I’ve been promising myself a visit to see Rocamadour for some time, but we were unable to go when my mother and family came over last year as my sister needs a wheelchair to get around, and Rocamadour isn’t the place for that as you’ll see later from the pics. Also, the weather wasn’t kind enough to make it worthwhile going when my son and his girlfriend were here a week or two ago. I’ve been watching the weather for several days in the hope that the visibility would improve but we’ve been stuck in a kind of murky-bright phase that doesn’t look like changing very soon. There hasn’t been too much wind – far from it, André came chugging over my house quite happily yesterday evening in his Balerit before the sun finally went down – it’s just that there’s a horrible haze wherever you look and if you’re also under a lump of thick cumulus cloud, even though the sun is shining all around elsewhere, what you’re looking at (or taking a picture of) at the time looks very dingy. And it’s even worse, of course, if you happen to be looking towards the sun, which for some reason lately, whenever I’m taking any photographs or a video, I always seem to be.
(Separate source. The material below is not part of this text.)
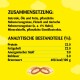 Verpackung für Haustierfutter auf gelbem Hintergrund, zeigt deutschen Text über Zutaten, 22% Protein, 4% Huhn und 408 kcal pro 100g.
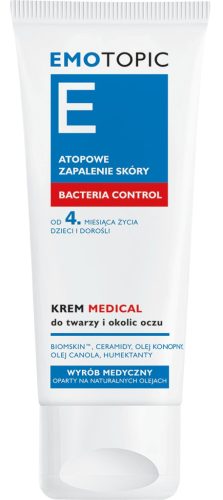 EMOTOPIC Krem za Obraz Nadzora Bacterija, Za Obraz in Predel Oči, 50 ml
So I decided that I couldn’t wait any longer and today would be the day. Rocamadour is to the south-east of where I live, in the Lot and here’s a pic showing the route I planned to fly.
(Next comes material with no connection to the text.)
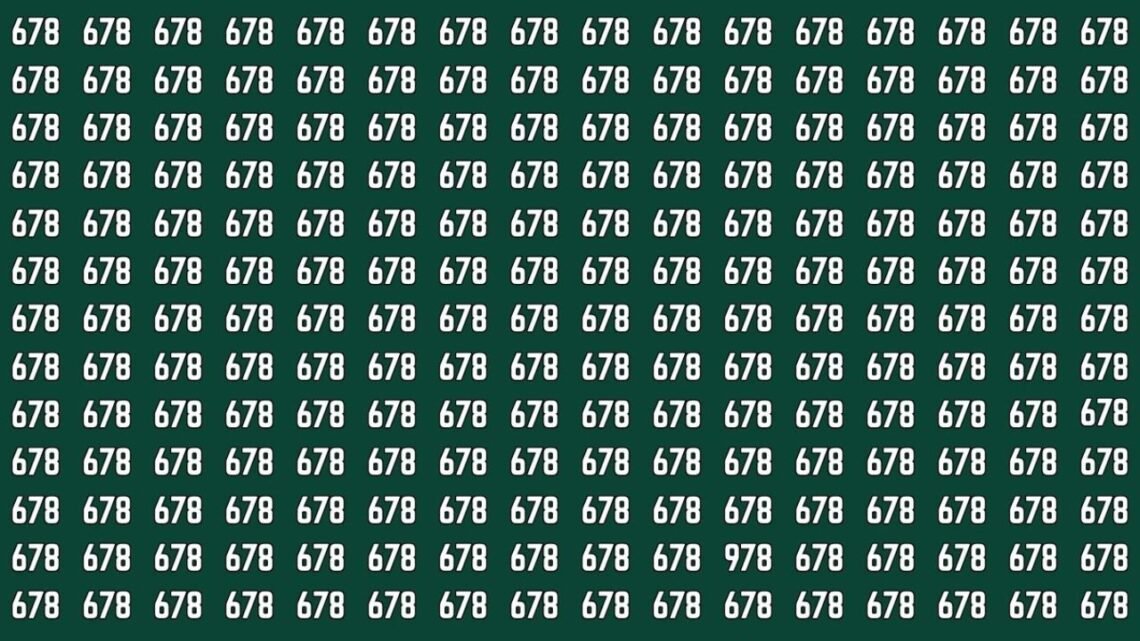 Can You Spot The Number 978 In This Viral Optical Illusion In Just 7 Seconds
I also planned to take in St Julien, of which I knew nothing before the flight, and Souillac, which I flew past and took a picture of when I first started flying 56NE and exploring the area surrounding Galinat. Today wasn’t the hottest July day that we’ve had by far, but at 28 degrees Celsius with patchy lumps of cumulus cloud, there was still plenty of potential for lots of bumpy thermals, so I put off taking off until later in the day. After checking 56NE over and fuelling up, I actually got airborne just after 5.05 pm and the air seemed less turbulent than I’d expected. I turned left and climbed almost over the field to take up my heading for St Julien and too late, I realised that I should have used the opportunity to take an overhead shot of Galinat.
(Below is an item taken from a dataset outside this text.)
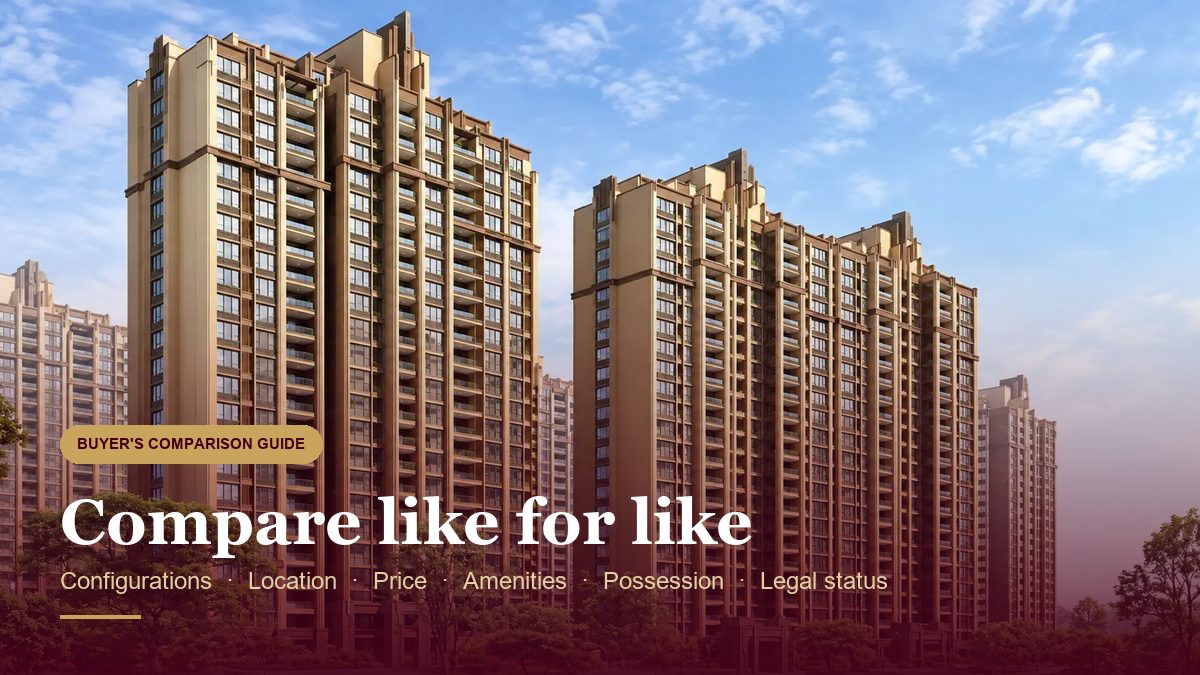 Render of Genesis Heights apartment towers on the Ambala–Chandigarh Highway, Zirakpur – buyer's comparison guide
The leg to St Julien was quite smooth and pretty uneventful and the village came up at just under 14 minutes after take off. It’s in a very pretty location as the following pics show.
I then turned slightly left and continued on for Rocamadour over some quite spectacular dry, rocky scenery.
I was approaching Rocamadour itself in the last shot, above, and I arrived there about 13 minutes after leaving St Julien behind. The view I had was spectacular and the photos I took would only have been possible, I think, from an ULM/ultralight aircraft or, perhaps, a helicopter. I’ll let them speak for themselves.
Rocamadour was built over the centuries on the side of a steep, rocky gorge and as I flew past, I found that the air over the gorge was extremely turbulent. Luckily despite this, I managed to fire off quite a few shots because as I found out afterwards, several of them turned out to be very blurred because of the extent to which I was being thrown about. I did just the one pass by Rocamadour and then turned to head back on a north-westerly heading towards Souillac. On the way, I passed the very picturesque Chateau de Belcastel, which is situated high on a rock overlooking the spot where the small river Ouysse joins the Dordogne.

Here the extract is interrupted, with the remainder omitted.